Há 22 anos nos despedíamos de Dom Helder Câmara. O Dom da Paz partiu no dia 27 de agosto de 1999, aos 90 anos, deixando na terra mensagens de amor, igualdade e o desejo de uma sociedade mais justa.


Revolucionário, via os seus trabalhos com movimentos populares e em favor da democracia serem taxados como perigo à Ditadura Militar. À época, foi classificado como um dos principais inimigos do regime, acusado de “comunista”, “bispo vermelho”, e teve sua candidatura ao Nobel da Paz boicotada. Porém, por mais que tentassem o calar, a força de Dom Helder vinha da conexão com o povo, e a sua voz ecoa até hoje naquelas e naqueles que foram tocados pelo mesmo.


No dia de sua morte, gostaríamos de falar da vida de seus ensinamentos. Da chama da justiça que nunca apaga.
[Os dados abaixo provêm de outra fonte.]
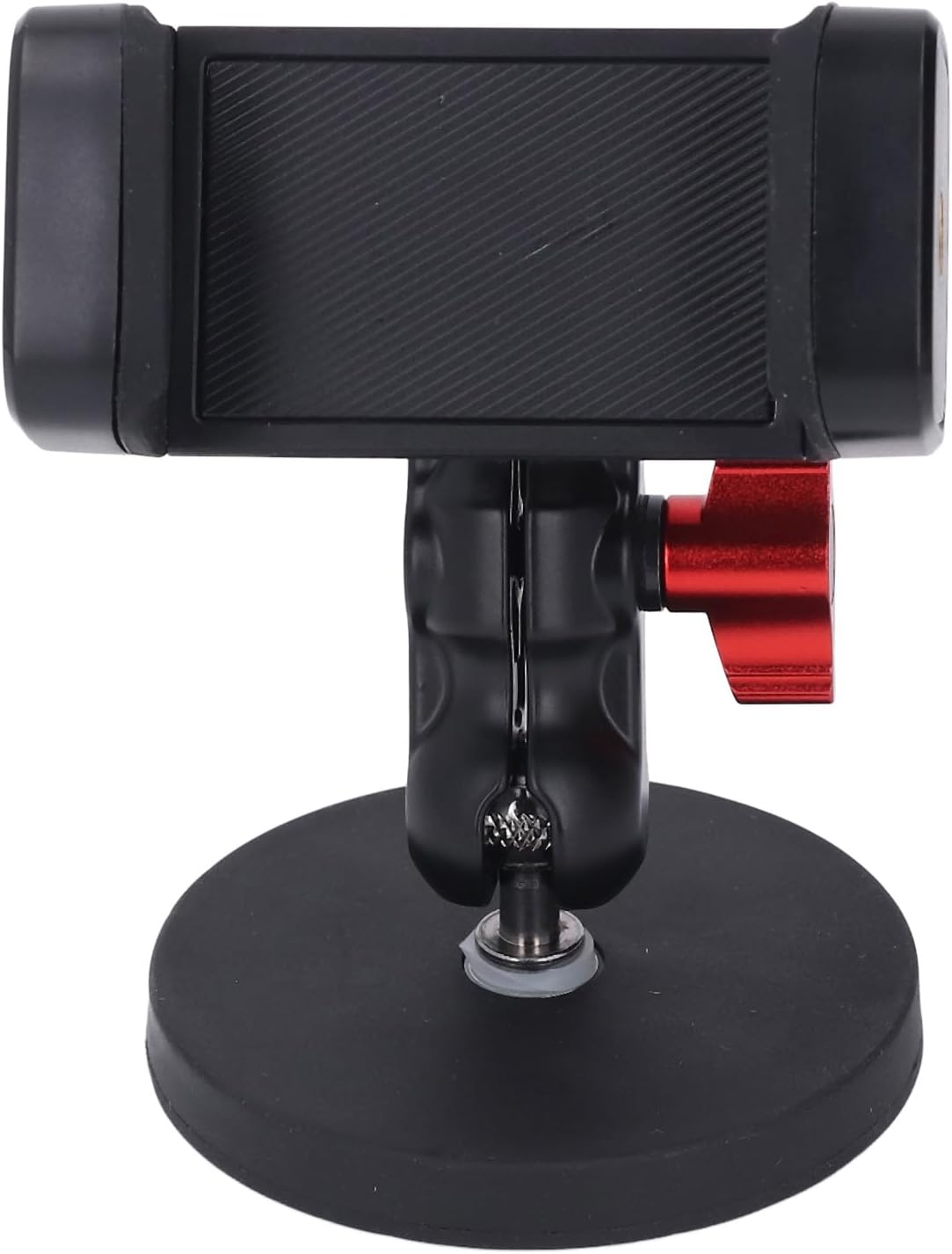Yctze Magnetic Camera Mount for Action 5 Pro & 3 - Strong Magnetic Base with Dual Ball Heads for Versatile Filming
Para isso, convidamos algumas das pessoas que tiveram o prazer de conviver com o Dom, ou que atuam na disseminação de seu legado, para ouvir como as ideias do mesmo ainda estão em seus corações.


No vídeo estão Rejane Menezes, membra do Centro dom Helder Câmara de Estudos e Ação Social e do Instituto Dom Helder Câmara; Célia Trindade, historiadora do Idhec e membra do Conselho Diretor do Cendhec, Luis Tenderini, que trabalhou com Dom Helder na Igreja das Fronteiras, integrante do conselho do Cendhec e fundador do Trapeiros do Emaús em Recife; Manoel Moraes, professor, advogado e presidente do Conselho do Cendhec; Bruno Ribeiro, advogado do Cendhec e membro do IDHEC e Dômenico Corcione, consultor em Desenvolvimento Social e Institucional do Cendhec.